El Proceso de Reorganización Nacional, bajo el lema de aniquilar el terrorismo subversivo, inició una de las épocas más tristes y oscuras del país.
El secuestro y la tortura como modo de expresión. El silencio y la desaparición.
Los hijos nacidos en cautiverio se convirtieron en trofeo de guerra siendo “dados en adopción” a las familias de los mismos torturadores.
Hoy, después de treinta años, son muchos los nietos recuperados por las Abuelas y Madres de Plaza de Mayo.
Pero hay otra historia, la menos conocida o quizás la menos divulgada. Los otros hijos de la dictadura. Hijos de las violaciones o relaciones forzadas, hijos que no encuentran la verdad porque no hay lugar donde hallarla. Como yo, que con mis veintinueve años todavía me pregunto qué pasó, cómo fue, por qué, quién.
El dolor y las palabras
Vengo de una madre a la que el dolor le impide las palabras, a la que en unas vacaciones de invierno la “invitaron” a conocer de cerca los sótanos de la ex Jefatura de Policía y ser una testigo más de la impunidad y la injusticia de esos años.
Nadie más que ella sabe la verdad. Verdad que a veces sospecho y otras prefiero no preguntar.
Una madrugada de julio de 1976, entró a la casa de mi madre un grupo comando de militares y policías, violentaron la puerta de entrada y de un tirón la sacaron de la cama; a punta de bayoneta le preguntaron por mi hermano mayor, que cursaba la secundaria y era coordinador estudiantil. Ella respondió que se encontraba de vacaciones con su padre y aún no había regresado.
Le vendaron los ojos y la subieron a un auto, luego de varias vueltas se detuvieron y la hicieron bajar. Fueron muchas las escaleras espirales que debió recorrer hasta que le ordenaron sentarse en un banco como los de las plazas. De ahí en adelante los interrogatorios serían diarios y eternos, el olor a carne quemada y los gritos de los torturados quedará para siempre en su memoria; aunque pocas veces lo cuente, aunque jure no haber sido sometida a maltrato físico, aunque aparente un semblante firme y seguro.

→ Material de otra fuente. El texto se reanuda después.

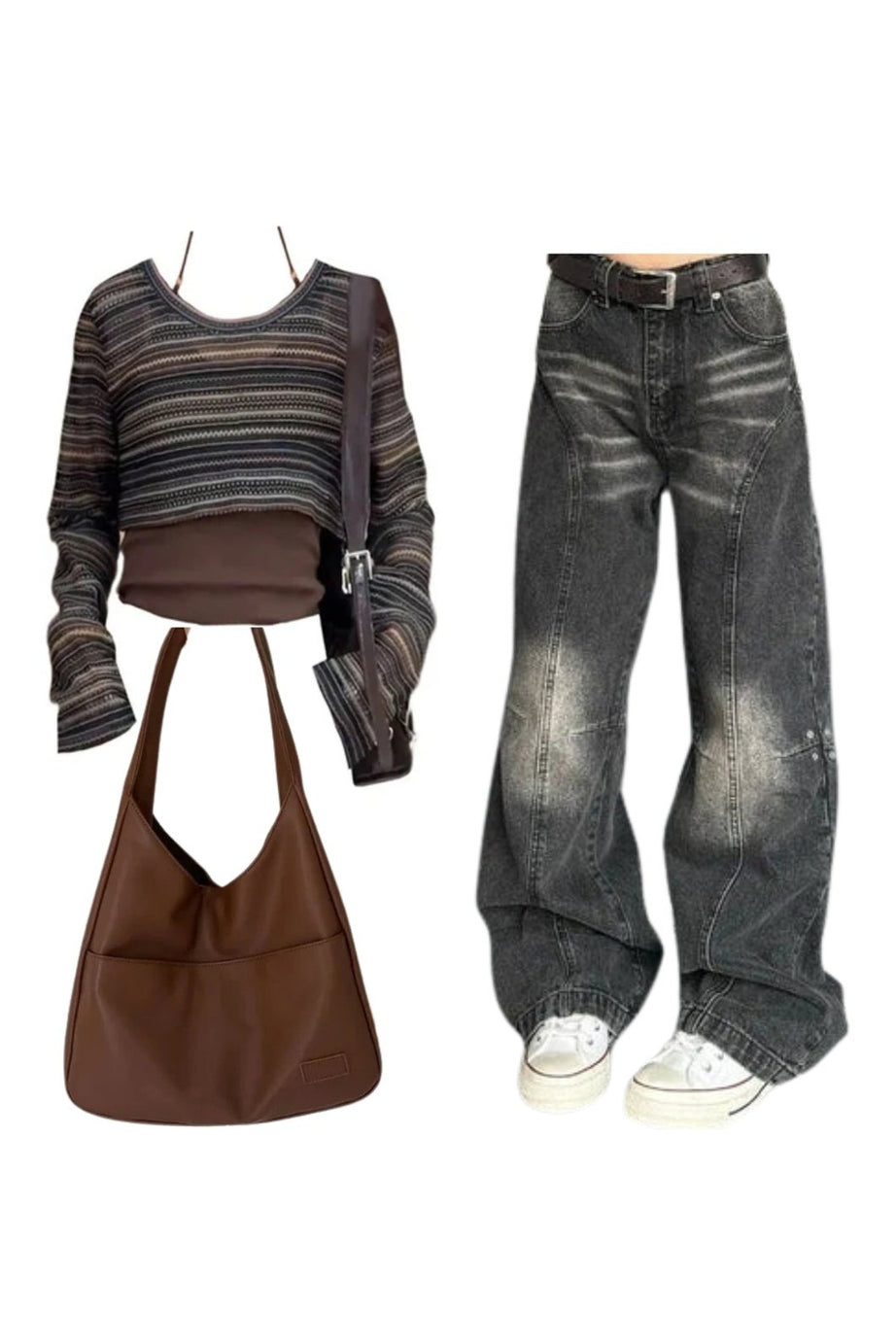 Outfit: Layered Boho Knit Crop Top+Washed Black Wide - Leg Jeans+Large Casual Leather Handbagbo - Outfit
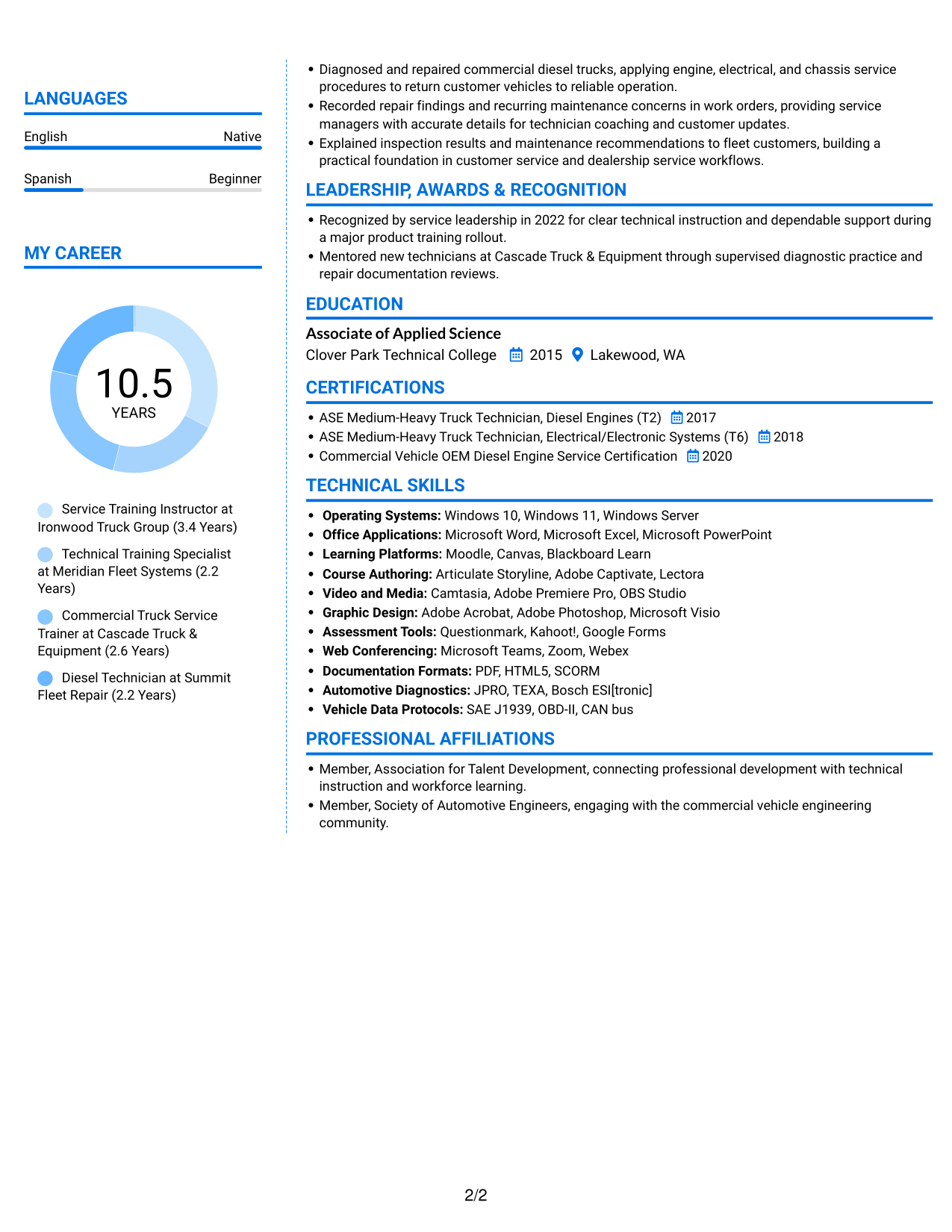 Resume example — page 2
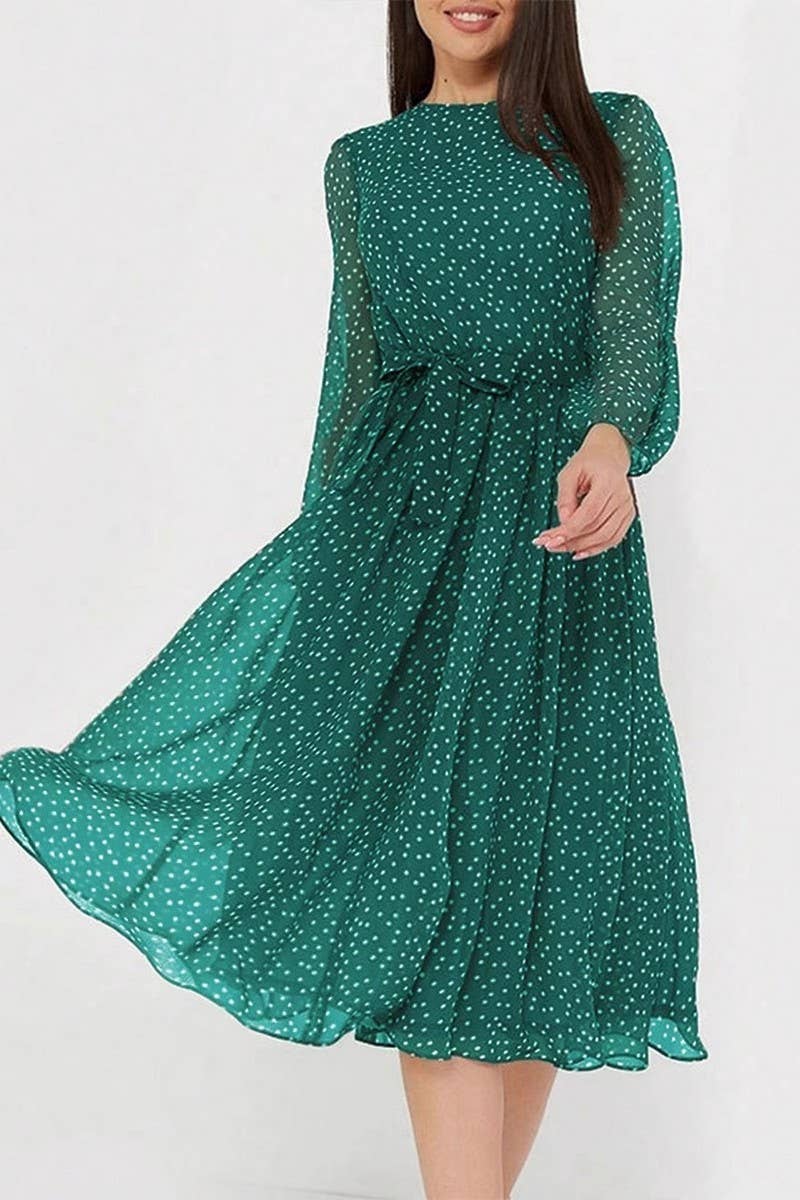 CWDMD5339_HOLIDAY CASUAL STYLE FLORAL TIE WAIST DRESS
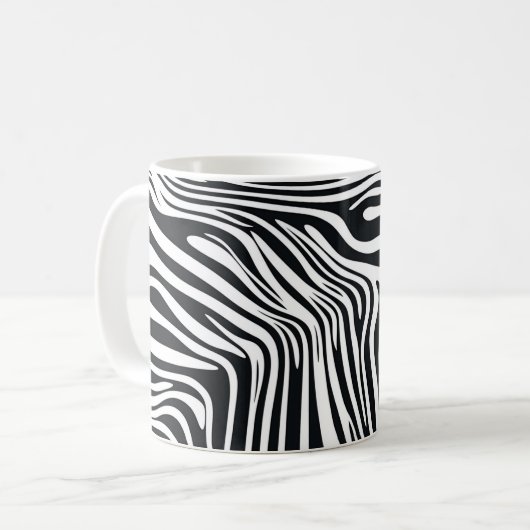 Schwarzer Zebra-Motiv🦓 Kaffeetasse (Vorderseite Links)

Lo cierto es que después de estar detenida en un centro clandestino ya nada fue igual.
Para ella la vida volcó a 180 kilómetros por hora. Para mí la vida se hizo luz. Nací al año siguiente en un hogar donde el padre era una sombra sin voz ni nombre. Sin fotos donde encontrar parecidos, sin recuerdos que ayudaran a reconstruir mi historia, si no fuera porque mi presencia lo confirmaba, casi inexistente.
Hoy tengo una familia con lazos fuertes y seguros. Mi hija me dio la paz que busqué durante tanto tiempo, fue concebida desde el amor y la fortaleza. Creo que Dios de alguna manera recompensó tanta angustia e incertidumbre. Creo que la vida siempre da otra oportunidad para reconstruir sobre lo derrumbado.